Xi Bao Yu Fen Zi Mian Yi Xue Za Zhi. 2010 Jun;26(6):536-8.
To investigate phenotypical and functional characteristics of the CD39(+);FoxP3(+);regulatory T (Treg) cells in humans.
We collected peripheral blood from 10 healthy volunteers and separated PBMC by using density gradient centrifugation, and then detected the expression of CTLA-4, HLA-DR, CD45RO and Ki-67 on CD39(+);FoxP3(+); and CD39(-);FoxP3(+);Treg cells by using flow cytometric analysis. [(3);H]-thymidine incorporation assay and ELISA were used to monitor the suppressive capacity of CD39(+); FoxP3(+); Treg cells on proliferation and IFN-gamma secretion of Treg-depleted PBMC.

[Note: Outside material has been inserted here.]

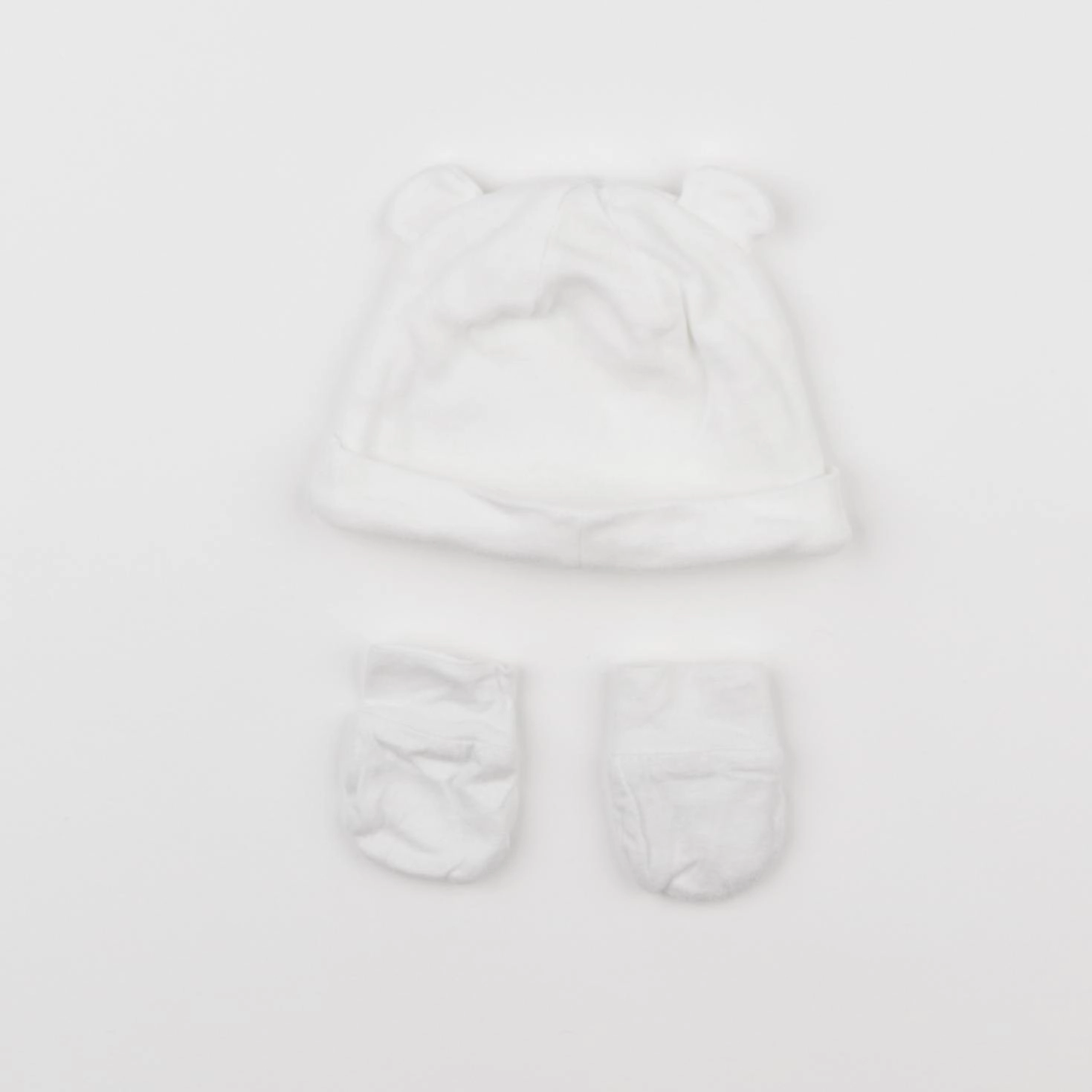 Vertbaudet - ensemble bonnet/moufles blanc - 0 mois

The expression of CTLA-4, HLA-DR, CD45RO and Ki-67 was significantly higher in CD39(+);FoxP3(+); Treg cells than those in CD39(-);FoxP3(+); Treg cells. The suppressive capacity of CD39(+);FoxP3(+); Treg cells on proliferation and IFN-gamma secretion of Treg-depleted PBMC was significantly higher than those of FoxP3(+);CD39(-);Treg cells.
CD39(+);Fxop3(+);Treg subset may play an essential role in immune regulation of Treg, and CD39 can be used as a surface marker to identify the functional Treg cells.

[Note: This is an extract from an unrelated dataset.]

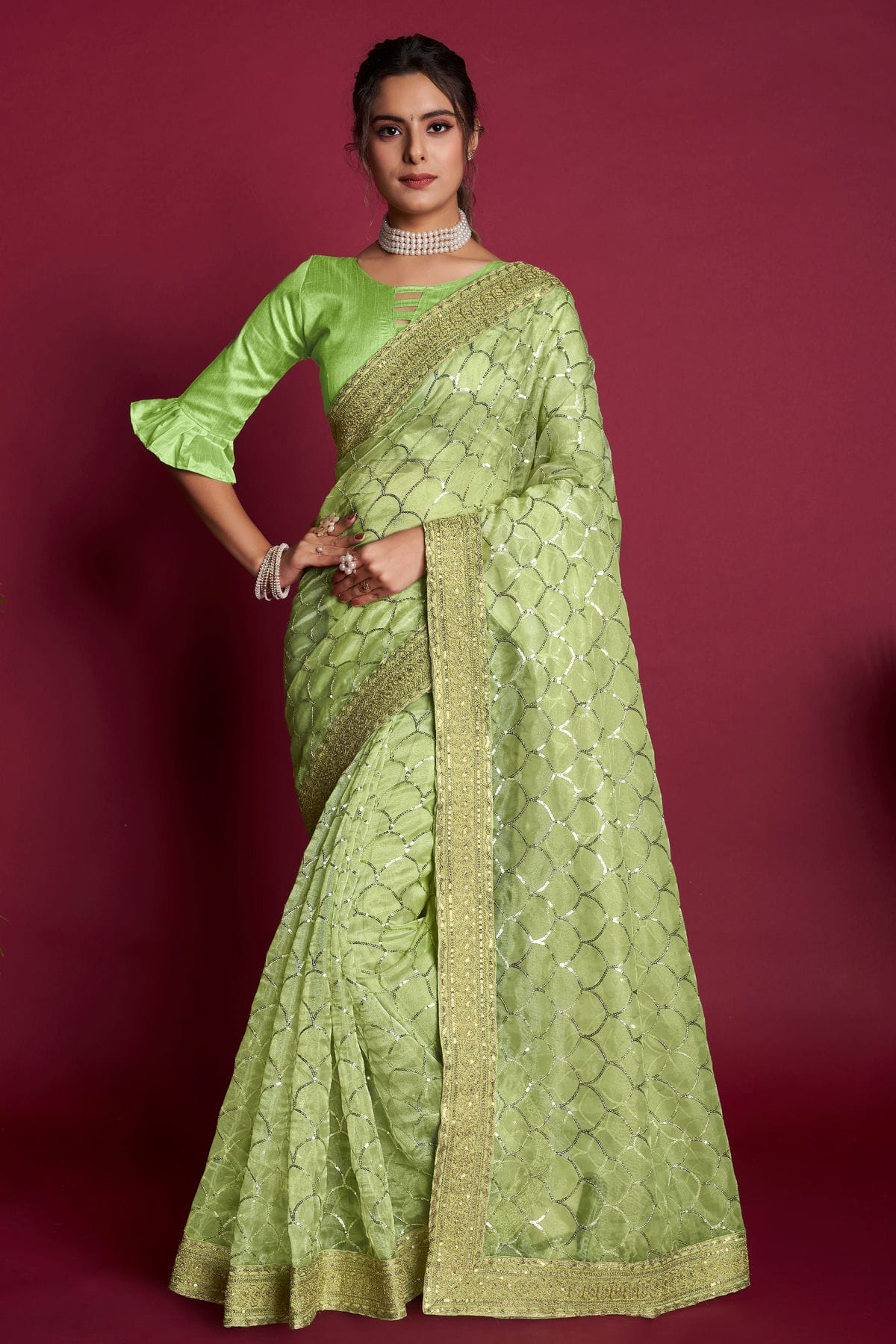 Green Colour Organza Saree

研究人类CD39(+);FoxP3(+);调节性T(Treg)细胞的表型和功能特征。
采集10名健康志愿者的外周血,采用密度梯度离心法分离外周血单个核细胞(PBMC),然后通过流式细胞术分析检测CD39(+);FoxP3(+);以及CD39(-);FoxP3(+);Treg细胞上CTLA-4、HLA-DR、CD45RO和Ki-67的表达。采用[3H]-胸腺嘧啶核苷掺入试验和酶联免疫吸附测定(ELISA)监测CD39(+);FoxP3(+);Treg细胞对去除Treg的PBMC增殖和γ干扰素分泌的抑制能力。
CD39(+);FoxP3(+);Treg细胞中CTLA-4、HLA-DR、CD45RO和Ki-67的表达显著高于CD39(-);FoxP3(+);Treg细胞。CD39(+);FoxP3(+);Treg细胞对去除Treg的PBMC增殖和γ干扰素分泌的抑制能力显著高于FoxP3(+);CD39(-);Treg细胞。
CD39(+);Fxop3(+);Treg亚群可能在Treg的免疫调节中起重要作用,且CD39可作为识别功能性Treg细胞的表面标志物。